== Task directions ==
Every line below from the one with "Capybara Uhr Lampe" through the one with "Burberry Check Wool-Blend Sweater" should be retyped exactly, both ends included; no other lines and no pictures.

──────── Records provided

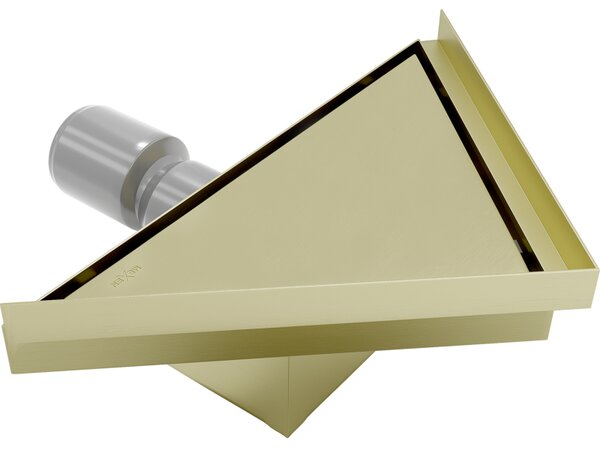 Mexen Flat-T, bodová podlahová vpusť 20 cm, zlatá matná, 1A10320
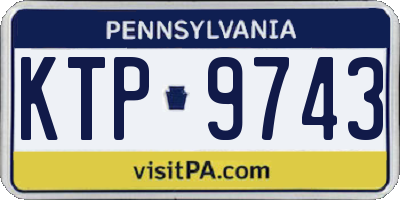 PA license plate KTP9743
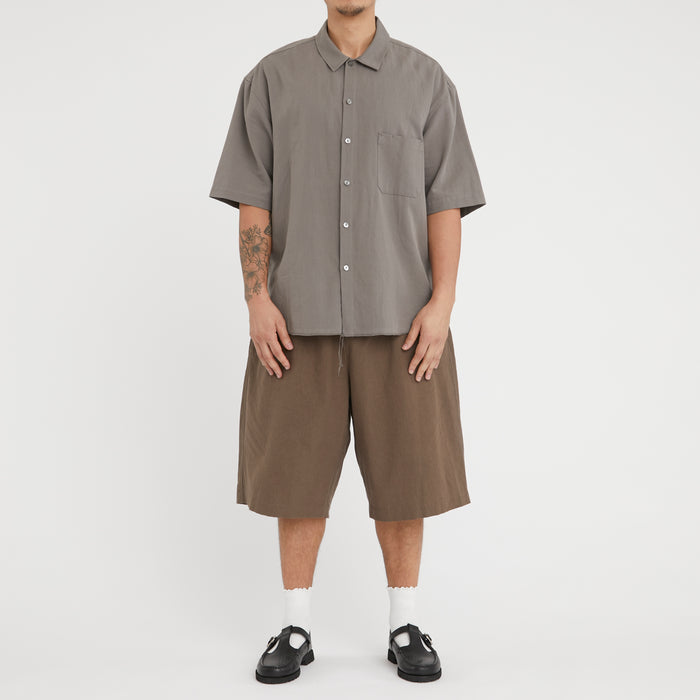 Palego Short - Brown Linen / Cotton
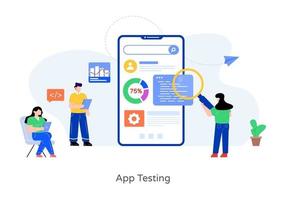 trendige App-Tests vektor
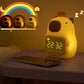 Capybara Uhr Lampe - Wiederaufladbare Digitaler Wecker mit Nachtlicht & Touch Snooze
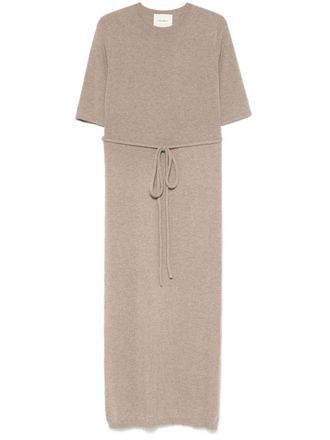 Lisa Yang Tilde maxi-jurk - Bruin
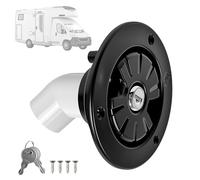 ASOUUNLD Tapa de Entrada de Agua con Cerradura, Entrada de Agua Dulce Por Gravedad Tapa de Llenado de Agua con Bloqueo por Gravedad con 2 Llaves para Caravana RV para Autocaravana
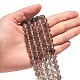 Chapelets de perles en agate grise naturelle G-G067-8mm-1-5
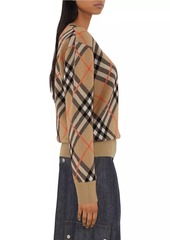 Burberry Check Wool-Blend Sweater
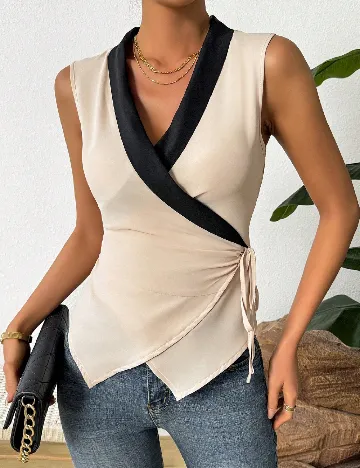 Bluza SHEIN, crem Crem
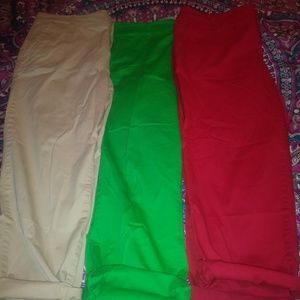 Three pairs of Chino pants 👖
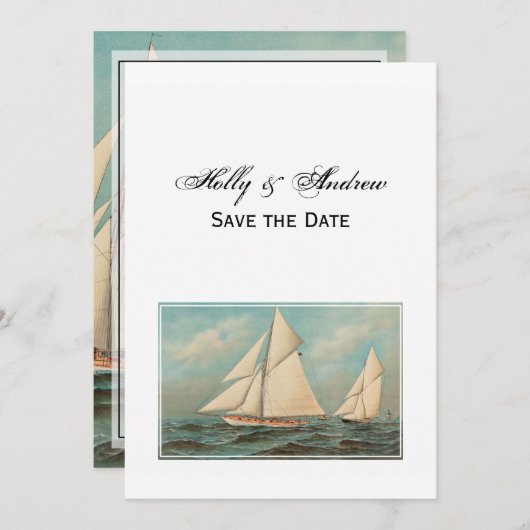 Invitation Courses de Yachts de Collection Maritimes #1 Réser (Devant / Derrière)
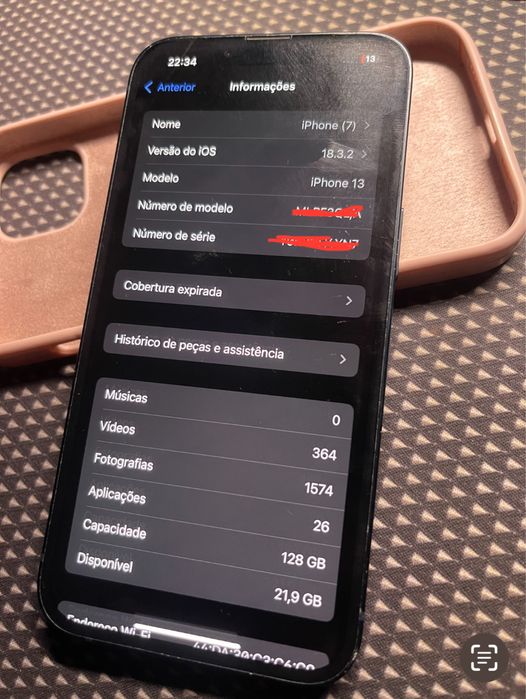 Iphone 13 , 128gb Midnight Blue , muito estimado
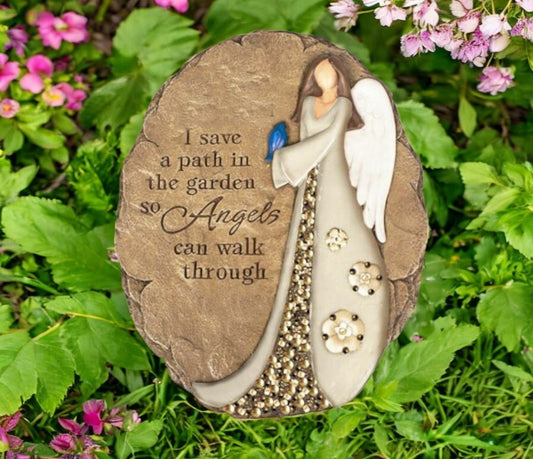 Personalized Angel Path Memorial Garden Stone - Funeral Program - Site Funeral Programs & Templates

────────────────

== Task result ==
 Capybara Uhr Lampe - Wiederaufladbare Digitaler Wecker mit Nachtlicht & Touch Snooze
 Lisa Yang Tilde maxi-jurk - Bruin
 ASOUUNLD Tapa de Entrada de Agua con Cerradura, Entrada de Agua Dulce Por Gravedad Tapa de Llenado de Agua con Bloqueo por Gravedad con 2 Llaves para Caravana RV para Autocaravana
 Chapelets de perles en agate grise naturelle G-G067-8mm-1-5
 Burberry Check Wool-Blend Sweater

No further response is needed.